Lots of discussions here on preventive maintenance. Since Honda does not have grease fittings for augers it would be a good idea to remove augers, clean shafts , and apply some anti-seize grease when you do a full service.

I assume you removed shear pins to see if augers turn on auger gearbox shafts. 

Fortunately , it is fairly easy to do with this brand. 

It is a good looking machine and if properly maintained and used it will outlive you.


----------



## Caper63 (Jun 15, 2021)

I appreciate the advice. I am a long time lurker on this forum and have read the various preventive measures.

I did not remove the shear pins; however, I do plan on removing the augers in the fall when I service it. Oil change, new plug and rejet the carb.. I will repaint the skids and augers.


----------



## tabora (Mar 1, 2017)

Caper63 said:


> Only issue is the auger height control doesn't seem to be working.

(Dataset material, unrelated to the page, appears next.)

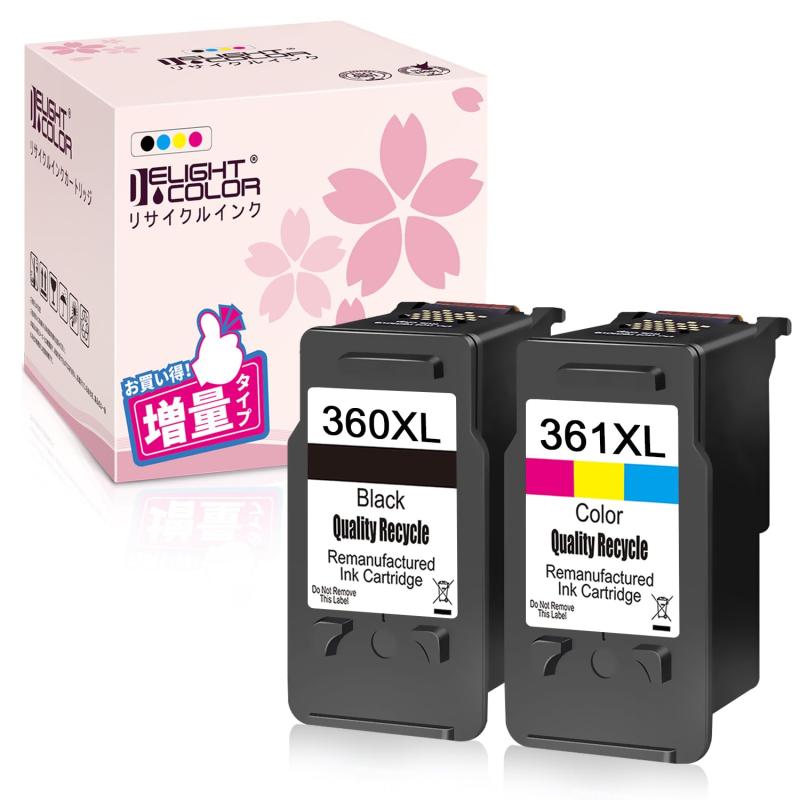 【Delightcolor】再生インク Canon（キャノン）用BC-360 XL+BC-361 XL（ブラック+カラー）2個セット(BC360+BC361 大容量）残量表示付【対応機種】PIXUS PIXUS TS5330 TS5430【商品内容】CANON(キャノン)用リサイクルインクBC-360XL(染料) 大容量ブラック+BC-361XL大容量カラー【対応機種】PIXUS TS5330 TS5430　【仕様】ICチップ付きで、残量表示です。【品質管理】ISO140001 【環境基準】 ISO9001 【品質基準】 認定取得自社工場にて生産しております。【】商品ご購入から【365日】サービス付。インクには何かなどございましたら、サービスカードまでお気軽にお問い合わせください。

If it turns out you need to replace the strut, get the 42919-V45-A01 from the US-built HSS machines. Much less expensive than the one for your Japan-built unit.


----------



## Caper63 (Jun 15, 2021)

Thanks Tabora. In your experience if the Auger height is not working, is it usually the strut or a simple cable adjustment?

I wish I had time to look at when I got it home; however, without an appropriate place to store it, I would have had to leave it outside.

I really need another shed aside from my 12'x 10' shed. I had plans to build a 12' x 20' garden shed last fall, but I cannot bring myself to pay $12 for a 2"x4" or $80 for a sheet of 1/2" plywood. Looks like lumber prices are starting to come down to earth.


----------



## orangputeh (Nov 24, 2016)

Caper63 said:


> Thanks Tabora. In your experience if the Auger height is not working, is it usually the strut or a simple cable adjustment?
> 
> I wish I had time to look at when I got it home; however, without an appropriate place to store it, I would have had to leave it outside.
> 
> I really need another shed aside from my 12'x 10' shed. I had plans to build a 12' x 20' garden shed last fall, but I cannot bring myself to pay $12 for a 2"x4" or $80 for a sheet of 1/2" plywood. Looks like lumber prices are starting to come down to earth.


around here free pallets are plentiful. One business close by has 8X4 pallets and that is where I get 2X4X8's. not all the 8's are straight so I have to pull apart a lot of pallets to get enough.

Not too familiar with the height adjustment. could be a cable. I would have a Honda tech inspect it. Replacing the ram is fairly easy and cheap.

either google the part number ( if needed ) to find a good price or use boats.net. Most parts prices have skyrocketed in last year and it's just a little more at the Honda stealer. I mean dealer.


----------